Harrington acknowledges that there is a great deal of explicit reference in feminist literature to the obliteration of the heterosexual two-parent family as a specific policy objective. That there was an historical counterpoint between that “liberation” wing of feminism and a “caring” feminism is something I will have to take on trust. What Harrington identifies, rightly, is that the “freedom” feminism which triumphed has led, inexorably, to the elite feminism which she dubs the Meat Lego Gnostic tendency. The mechanism by which this has happened is social atomisation.
Harrington admits that “we’ll need to reckon with some of feminism’s unpaid debts, and to take more of a realistic stance on where the limits to individual freedom really are”. Agreed, but, as yet, she has fallen woefully short of acknowledging all those debts, or the grave extent of their destructiveness.

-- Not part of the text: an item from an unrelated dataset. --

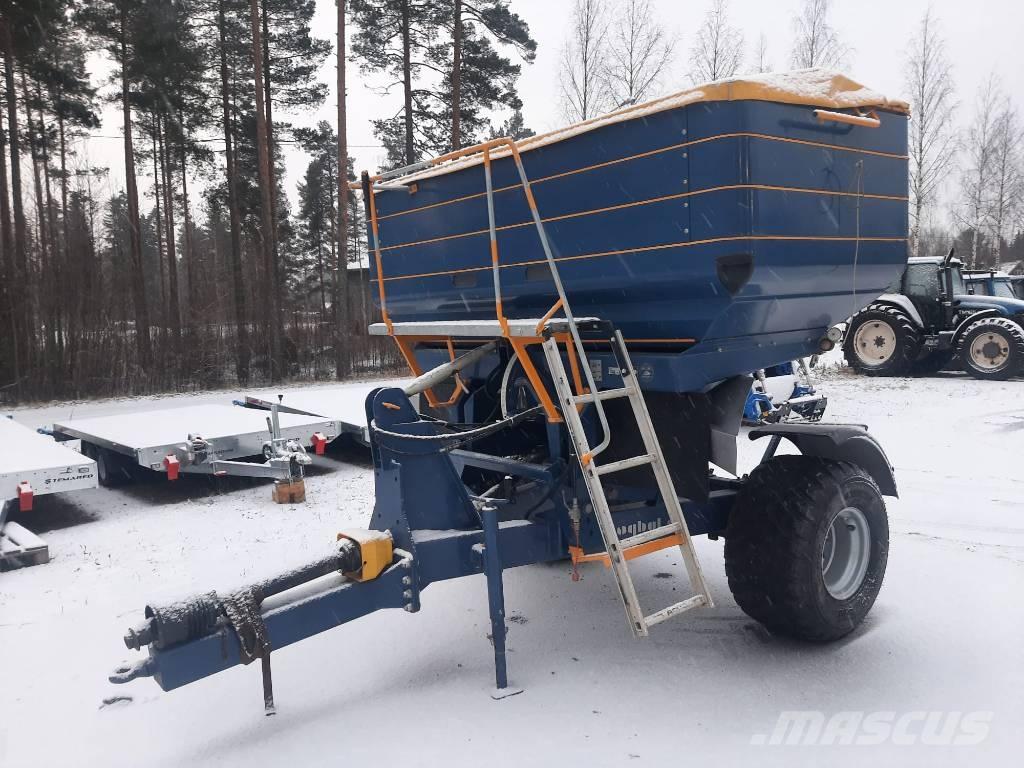 Bogballe M3 Plus Розсіювач мінеральних добрив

The ejection of men from the family severs the main bond that holds men into society more widely. But what we, along with Harrington, have discovered is that the hyper-liberal “freedom” tendency leads ultimately also to the dissolving of the mother-child bond: the apogee of social atomisation. Feminists complacently imagined they could weaponise the establishment to make fathers optional and remain safe themselves. They supped with the Devil using a short spoon. Schadenfreude would indeed be tempting, but inappropriate given that we are all in the same boat.
The resulting social atomisation inevitably leads to authoritarianism. In short, feminism has functioned as the gateway to globalist technocratic totalism, exactly as I argue in The Destructivists. We are all alone, now – and at exactly the time we need to be united against the common technocratic-globalist threat. In this I concur with Harrington. And this is extremely important.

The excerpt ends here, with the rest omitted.